What is being asked:
Leaving out the pictures, please retype each record exactly.
/---
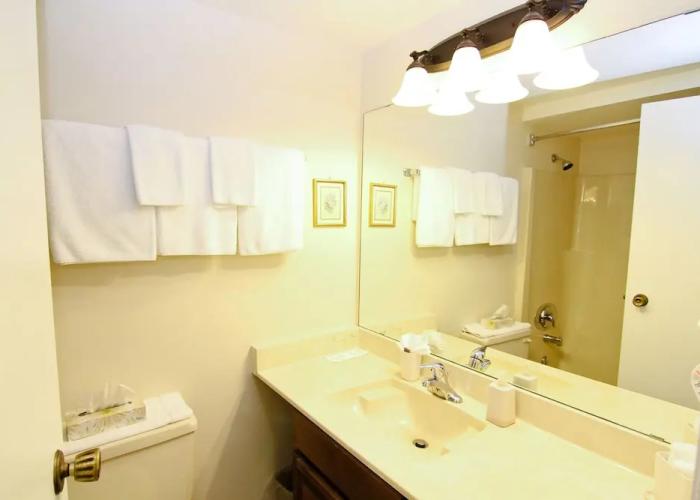 Heron's Landing Hotel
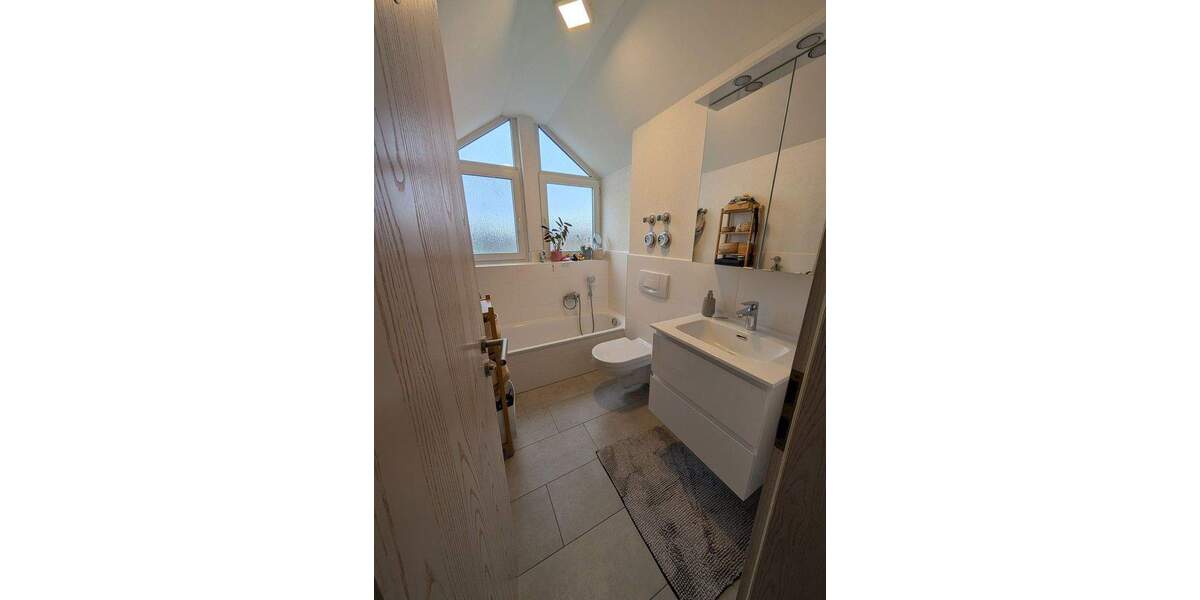 Attraktive 3,5 Zimmer Galeriewohnung mit Südbalkon & 2 Stellplätzen 3 zimmer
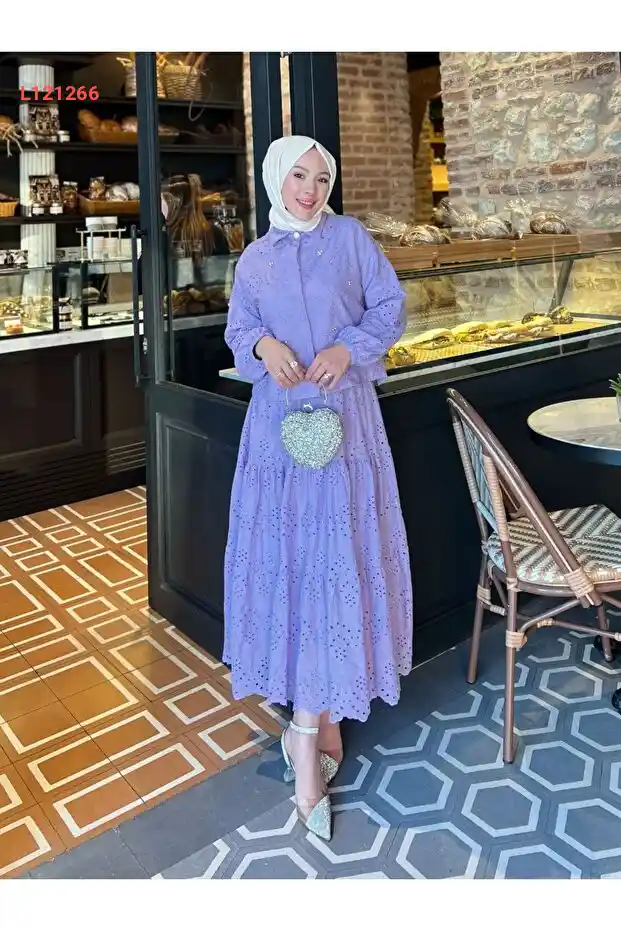 طقم فستو للتسوق مع تنورة طويلة مزينة بالحجارة بتصميم وردي أنيق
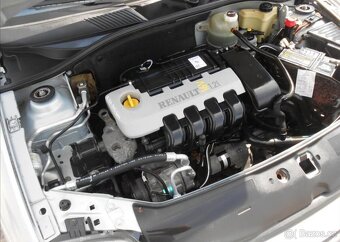 Renault Clio 1,2 16V 55 kW KLIMA benzín - 11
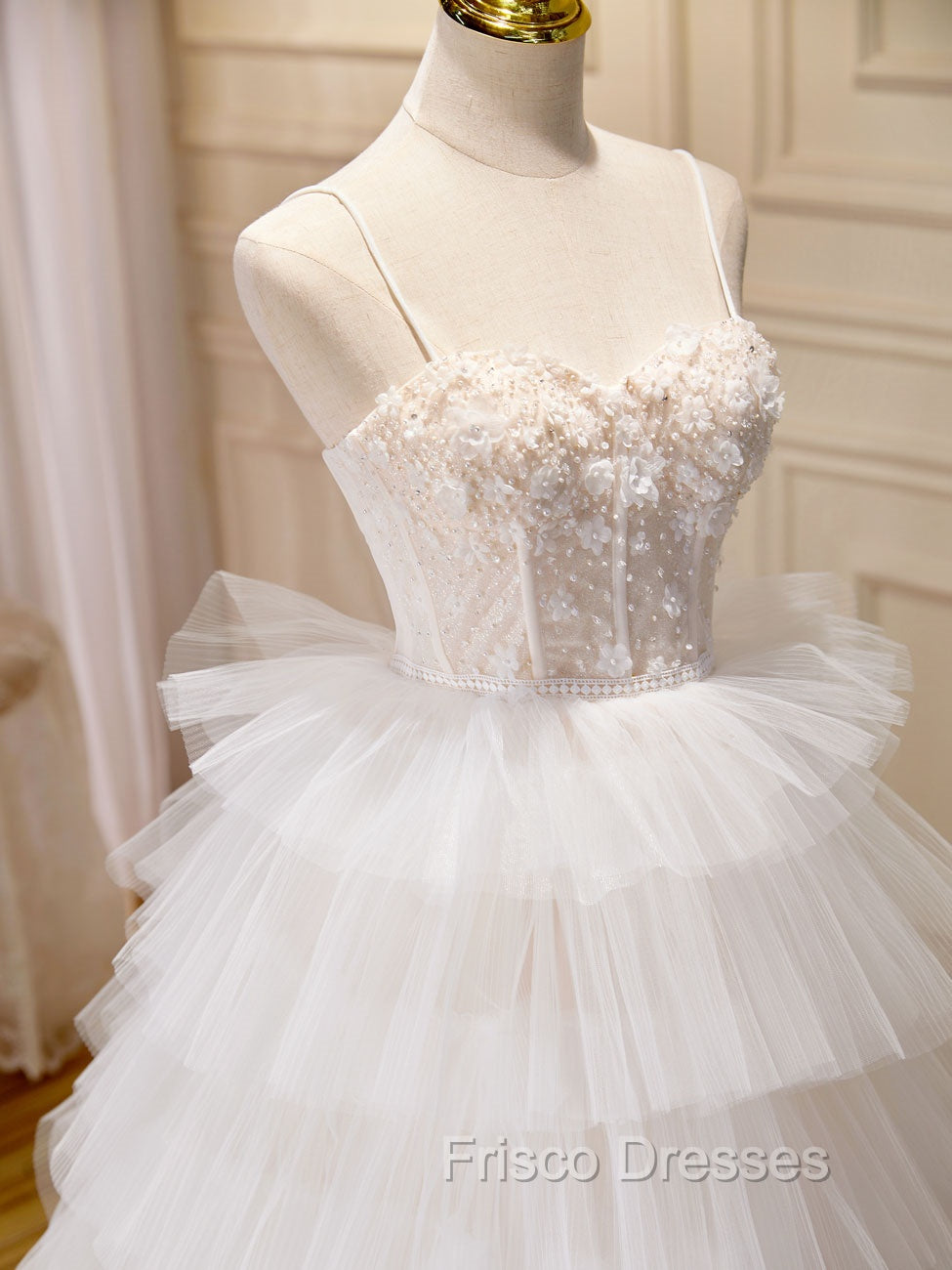 Ball-Gown/Princess Tulle White Long Formal Prom Dress With Beading Flower Cascading Ruffles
\---
Written response:
 Heron's Landing Hotel
 Attraktive 3,5 Zimmer Galeriewohnung mit Südbalkon & 2 Stellplätzen 3 zimmer
 طقم فستو للتسوق مع تنورة طويلة مزينة بالحجارة بتصميم وردي أنيق
 Renault Clio 1,2 16V 55 kW KLIMA benzín - 11
 Ball-Gown/Princess Tulle White Long Formal Prom Dress With Beading Flower Cascading Ruffles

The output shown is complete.